There’s not been much change in the best buy tables this week – but that doesn’t mean there aren’t some decent rates up for grabs.
Savers can earn more than 5% interest on easy access ISAs and fixed rate ISAs. But it pays to read the small print before signing up, as some of the table topping accounts come with various restrictions.
Easy access ISAs
Chorley Building Society tops the best buy easy access ISA chart, pipping Zopa to the post, according to Moneyfacts.
Chorley pays 5.15% on its Easy Access Cash ISA which allows one withdrawal per year. Any withdrawals beyond this will mean a lower rate of 2.50% AER will be paid for the remainder of that year. The account, which is available to set up with just £1, can be opened and managed in branch, online and via post.
Zopa’s Smart ISA – Access ISA pot pays slightly less at 5.08% but allows unlimited withdrawals. However, you need to also hold a Zopa Smart Saver to open this account. The account can be opened and managed by mobile banking app with a £1 minimum investment.
Cynergy Bank is in third place on the easy access ISA chart, with its Online ISA (Issue 43) paying 5.07%. But with this account there are no withdrawal restrictions or linked product requirements. The account can solely be opened and managed online but requires the Cynergy Bank Authenticator App or Digipass to do so.
One-year fixed rate ISAs
There are some familiar names at the top of Moneyfacts’ fixed rate ISA chart, with many of last week’s market leaders still jostling for position.
Virgin Money continues to top the one-year fixed ISA chart with its 1 Year Fixed Rate Cash ISA Exclusive Issue 6 which pays 5.85% AER on maturity.
This account is only available to new and existing Virgin Money current account customers from 4 December 2019, or existing customers who originally opened a Clydesdale Bank, Yorkshire Bank or B current account.
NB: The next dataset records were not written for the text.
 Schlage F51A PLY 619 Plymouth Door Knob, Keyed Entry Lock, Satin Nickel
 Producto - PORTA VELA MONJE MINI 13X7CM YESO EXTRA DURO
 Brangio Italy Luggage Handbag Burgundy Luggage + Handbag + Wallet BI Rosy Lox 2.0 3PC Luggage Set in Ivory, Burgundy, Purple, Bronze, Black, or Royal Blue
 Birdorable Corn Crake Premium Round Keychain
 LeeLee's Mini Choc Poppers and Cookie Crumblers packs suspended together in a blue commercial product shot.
Early access to money in the account is available, although a penalty of 60 days’ loss of interest will be applied. The account can be opened online or in branch, and managed by those methods alongside post, phone and mobile app. Further additions are permitted while the issue remains open.
Two-year fixed rate ISAs
NatWest and Royal Bank of Scotland top the two-year ISA table, with both paying 5.65% AER on their respective two-year cash ISAs.
The NatWest 2 Year Fixed Rate ISA Issue 333 and the identical RBS equivalent have minimum investment levels of £1,000 and allow further additions until 24 November 2023. The accounts can be opened online, via mobile app or by phone, and managed in branch or over the phone.
Three and five-year fixed rate ISAs
Zopa holds top spot in Moneyfacts’ three-year and five-year ISA charts. The Smart ISA – 3 and 5 Year Fixed Term ISA currently pay rates of 5.51% AER and 5.05% AER respectively.
Further additions are permitted for the first 30 days, using a nominated account. However, Zopa does not allow transfers in.
Savers need a Zopa Smart Saver opened via the Smart Savings Hub on the Zopa app to be eligible for either of these ISA accounts.
Aldermore remains at the top of the 30 days’ notice chart with its 30 Day Notice Cash ISA Issue 12, paying 4.50% AER. A minimum initial deposit of £1,000 is required to open this flexible ISA; further additions are permitted, and earlier access is available.
A notice period of 30 days is required before making any withdrawals, which also come with 30 days’ loss of interest for early access.
Stafford Railway Building Society also maintains its market-leading position, with its Cash ISA 60 Day Notice Account which pays 5.25% AER. The account can be opened with a minimum of £100 online, in branch or by post. Further additions are permitted, as well as transfers in from other cash ISAs, but early access is not possible, and the account can’t be managed online.
If you’d prefer to manage your account online, the recently launched WeBSave 60 Day Notice ISA from West Brom Building Society operates online only. It pays 5.25% AER on either a monthly or yearly basis and permits access to your cash, subject to 60 days’ loss of interest.